Courses Taught

Courses Taught

Courses Taught

MTSC-6130G - Surface Science and Catalysis

MTSC-6130 is a course based on select topics from the recent primary literature. It covers the fundamental science required to understand the atomic and electronic structure of surfaces and their chemical reactivity as well as the most common tools for surface characterization.
Fall 2018
Briefly, the course includes basics of solid-state surface chemistry (including Miller Indices); surface functionalization that covers (but is not limited to) self-assembly of thiols and carbenes on gold, siloxanes at hydrophilic surfaces, molecular organic frameworks (MOFs), and surface-enhanced materials, first of all, inorganic support - organic or organometallic polymer composites. We pay attention to practical applications of surface chemistry for the design of functional materials (including sensors, electrochromic, thermochromic photo- and electroluminescent materials and self-healing materials) and for the design of heterogeneous catalysts.
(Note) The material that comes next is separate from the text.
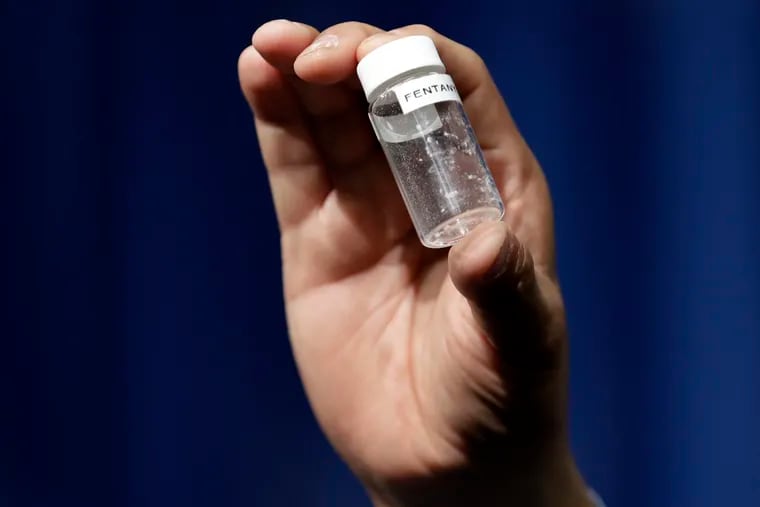 FILE - In this June 6, 2017 file photo, a Drug Enforcement Administration official holds a vial of fentanyl after a news conference about deaths from fentanyl exposure, at DEA Headquarters in Arlington Va.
CHEM-4610U/MTSC-6020G - Advances in Inorganic Chemistry /Advanced Topics in Material Science
Fall 2017
This is a seminar course based on selected topics from the recent primary literature. The topics included for discussion in this course will focus on the electronic, mechanical and chemical properties of extended structures (amorphous, crystalline and hybrid solids, nanosurfaces). Special attention will be given to novel inorganic /organometallic structures with extended properties/ functionalities from primer literature.
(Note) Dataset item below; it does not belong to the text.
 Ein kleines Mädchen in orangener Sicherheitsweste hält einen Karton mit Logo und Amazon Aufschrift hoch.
CHEM-42020.201609-MTSC-6140G - Experimental Techniques in Materials Characterization
Winter 2017

CHEM 3520U - Inorganic Chemistry II: Organometallics
Winter 2015
Organometallic chemistry and metal catalysis of the transition metals. Survey of organometallic complexes including, but not limited to, metal carbonyls and carbonyl clusters, metal (alkyls, alkenes, alkynes, allyls, and aryls) and metallocenes. Structure, bonding and MO diagrams, use of group theory. IR and group theory predictions, fluxional molecular motions, and characterization by NMR spectroscopy. Synthesis and reactions of carbonyl, alkene, and aryl complexes. Detailed coverage of homogeneous and heterogeneous metal catalysis and applications in industrial processes. 3 cr, 3 lec, 4 lab. Students are strongly recommended to take CHEM 3510U prior to taking this course

6020H: Advanced Topics in Materials Science
Winter 2015
This is a seminar course for Trent University and UOIT graduate students. It is based on select topics in materials science from the recent primary literature.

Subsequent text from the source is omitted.